Using Ruby Fibers for Async I/O: NeverBlock and Revactor
Fibers are slowly entering the Ruby programmers minds as a new concurrency primitive to put to good use. Two approaches are making use of a combination of Fibers and non-blocking or asynchronous I/O to solve the problem of userspace threads or Ruby 1.9's Giant Interpreter Lock (GIL), which allows only one Ruby language thread to be active at a time.

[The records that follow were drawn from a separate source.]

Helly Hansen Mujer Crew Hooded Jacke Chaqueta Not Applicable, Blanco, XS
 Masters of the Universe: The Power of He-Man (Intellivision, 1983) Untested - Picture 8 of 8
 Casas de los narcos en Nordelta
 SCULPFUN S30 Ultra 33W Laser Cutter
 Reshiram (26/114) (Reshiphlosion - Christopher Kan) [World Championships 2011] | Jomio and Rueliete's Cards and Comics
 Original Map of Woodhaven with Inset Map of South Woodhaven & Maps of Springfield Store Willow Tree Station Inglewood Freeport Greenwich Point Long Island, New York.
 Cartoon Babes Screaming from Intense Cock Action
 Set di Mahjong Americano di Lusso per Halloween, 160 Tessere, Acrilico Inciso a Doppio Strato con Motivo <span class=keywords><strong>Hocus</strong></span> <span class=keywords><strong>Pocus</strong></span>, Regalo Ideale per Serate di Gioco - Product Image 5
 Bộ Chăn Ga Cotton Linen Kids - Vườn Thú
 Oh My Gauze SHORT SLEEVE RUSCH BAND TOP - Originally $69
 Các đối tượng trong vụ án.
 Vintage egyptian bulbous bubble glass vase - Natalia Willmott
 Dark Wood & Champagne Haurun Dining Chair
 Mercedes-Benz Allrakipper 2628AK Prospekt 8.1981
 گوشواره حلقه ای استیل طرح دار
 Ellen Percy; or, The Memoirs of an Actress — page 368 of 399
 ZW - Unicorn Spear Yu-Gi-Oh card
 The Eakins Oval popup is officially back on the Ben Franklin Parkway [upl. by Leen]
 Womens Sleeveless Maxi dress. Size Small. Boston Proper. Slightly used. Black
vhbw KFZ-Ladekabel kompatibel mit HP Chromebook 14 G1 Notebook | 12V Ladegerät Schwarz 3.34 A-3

The biggest problem to work around are blocking syscalls, mostly for I/O. A blocking syscall, like a
read will only return once data is available. In a userpace thread system, this means that all the threads in a process are blocked as well. The solution is to decouple the I/O system from the way the blocking I/O. One way is to catch an I/O call before it causes a blocking syscall, issue this I/O request in a non-blocking way and suspend the Fiber, giving other Fiber a chance to run. Once the system gets a response for the I/O request, the Fiber can be scheduled again.
NeverBlockInfoQ: What exactly does NeverBlock do? As I see, it allows to pass code wrapped in Fibers to a pool of connections, which then resumes the Fibers as connections become available. What is the main contribution of NeverBlock?
Mohammad A. Ali Implementing the pooling features was needed for the other parts of NeverBlock to function properly. When all the pieces fall into place we should proivde instant IO concurrency for applications like Rails, Merb or Ramaze without requiring full thread safety.
To be able to achieve that goal we need a web server that wraps requests in fibers from the NeverBlock fiber pool and IO libraries (not just DB but all IO operations) that are aware of those fibers and use them for pausing and resuming requests. All must be orchestrated using an eventloop like EventMachine or Rev.
InfoQ: - Neverblock::PG is built on NeverBlock and the PostgreSQL driver which already supports non-blocking I/O out of the box. What exactly does NeverblockPG add in this case? If you wanted to add another evented driver for, say, Mysql which doesn't seem to do non-blocking I/O yet - can NeverBlock help with that?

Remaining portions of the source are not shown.